**Task to carry out**
Without pictures, output exactly the lines running from the line containing "Pocket Proof" to the end of the listing below.

★ ★ ★ ★

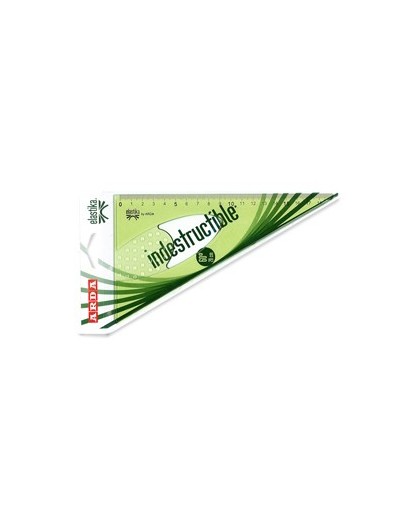 SQUADRA serie ELASTIKA 60° 20cm ARDA
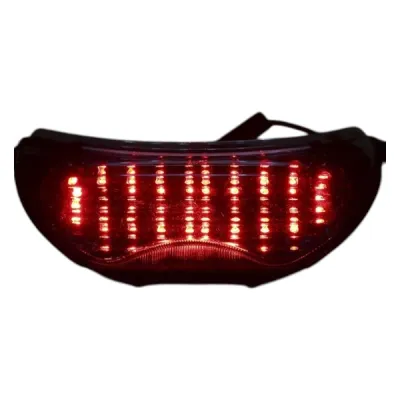 Lampa Stop Spate Led Honda CBR600 F4 1999 2000 CBR 600 F4I 2004 2005 2006 cu semnalizari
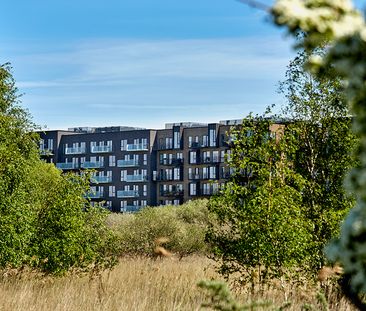 3 værelses lejlighed - Foto 5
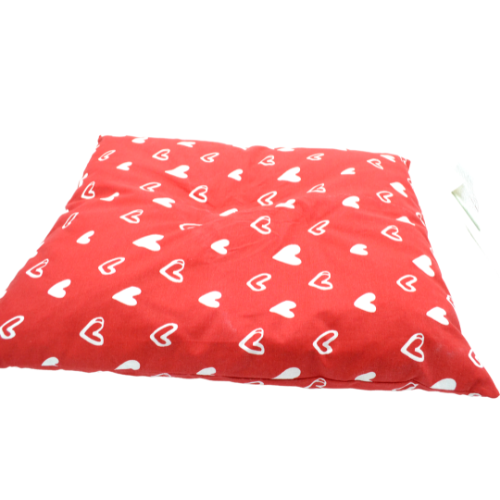 Μαξιλάρα σκύλου-γάτας HEART SANVI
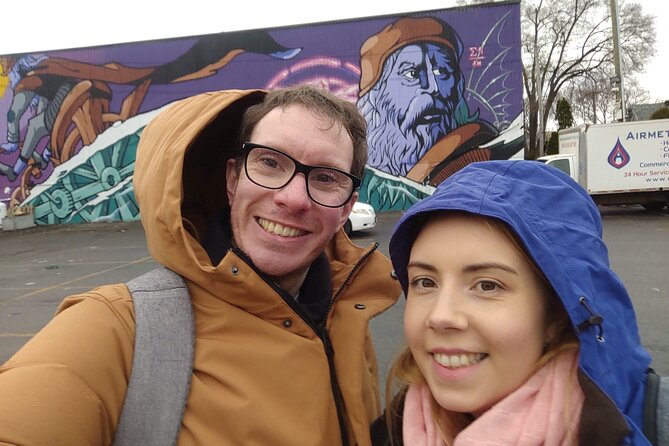 Street Art Exploration Game and Self-Guided Tour in Ottawa - Price and Value: What $7.20 Gets You in Downtown Ottawa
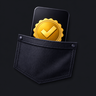 Pocket Proof
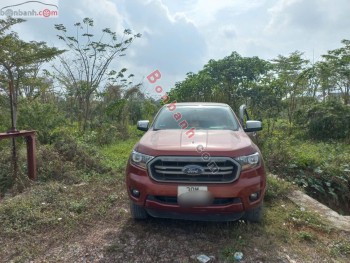 Bán ô tô Ford Ranger XLS 2.2L 4x2 AT - 2020 - xe cũ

★ ★ ★ ★

**Answer box**
 Pocket Proof
 Bán ô tô Ford Ranger XLS 2.2L 4x2 AT - 2020 - xe cũ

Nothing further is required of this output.